==== Dataset extract

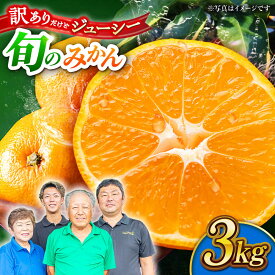 【ふるさと納税】【先行予約】【数量限定】【訳あり】家庭用 みかん 約3kg 詰め合わせ 柑橘【合同会社 社方園】[ZBZ020] ミカン 蜜柑 温州 うんしゅう 産地 柑橘 果物 くだもの フルーツ 人気 ランキング 旬 季節 産地直送 国産 熊本県 山鹿 期間限定 特産品 送料無料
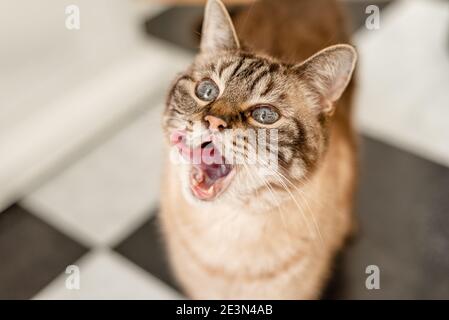 Tabby à rayures grises en attente de nourriture, attention sélective sur les yeux Banque D'Images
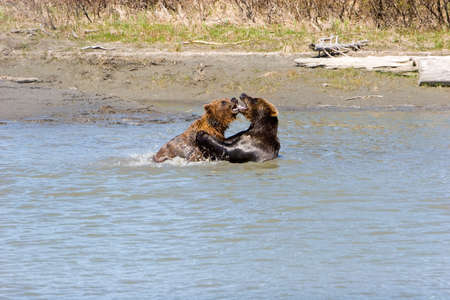 Alaskan brown bear cubs playing in waterの写真素材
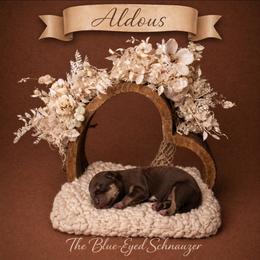 Aldous - Liver male Miniature Schnauzer puppy in Winter Haven, Florida from The Blue Eyed Schnauzer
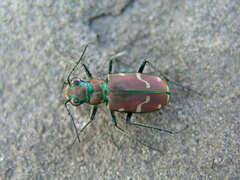 Cicindela limbalis
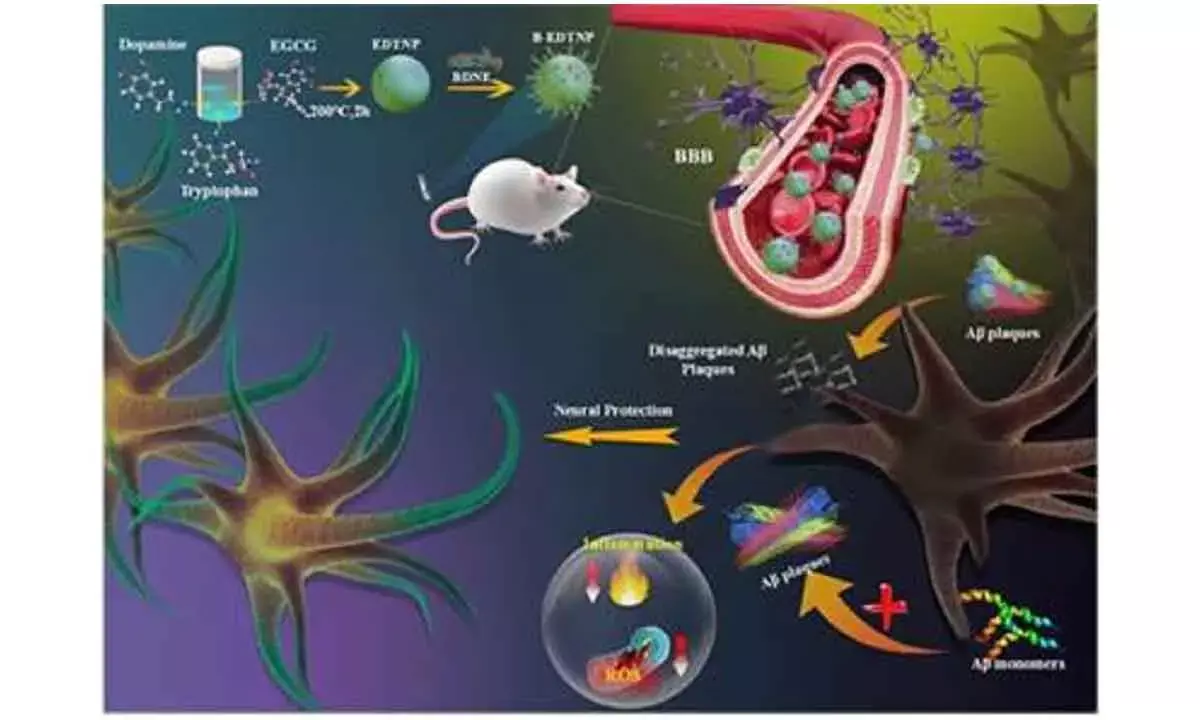 Nanoparticle-based multifunctional therapy for Alzheimer’s developed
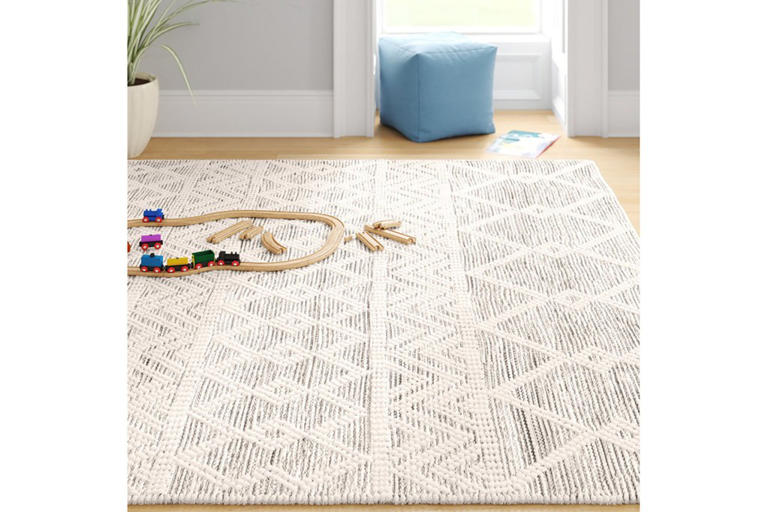 We’re laying out the 19+ best Wayfair Way Day sale rug deals, starting ...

========

Assignment: Omitting the images, transcribe every record exactly.

Task solution:
 【ふるさと納税】【先行予約】【数量限定】【訳あり】家庭用 みかん 約3kg 詰め合わせ 柑橘【合同会社 社方園】[ZBZ020] ミカン 蜜柑 温州 うんしゅう 産地 柑橘 果物 くだもの フルーツ 人気 ランキング 旬 季節 産地直送 国産 熊本県 山鹿 期間限定 特産品 送料無料
 Tabby à rayures grises en attente de nourriture, attention sélective sur les yeux Banque D'Images
 Alaskan brown bear cubs playing in waterの写真素材
 Aldous - Liver male Miniature Schnauzer puppy in Winter Haven, Florida from The Blue Eyed Schnauzer
 Cicindela limbalis
 Nanoparticle-based multifunctional therapy for Alzheimer’s developed
 We’re laying out the 19+ best Wayfair Way Day sale rug deals, starting ...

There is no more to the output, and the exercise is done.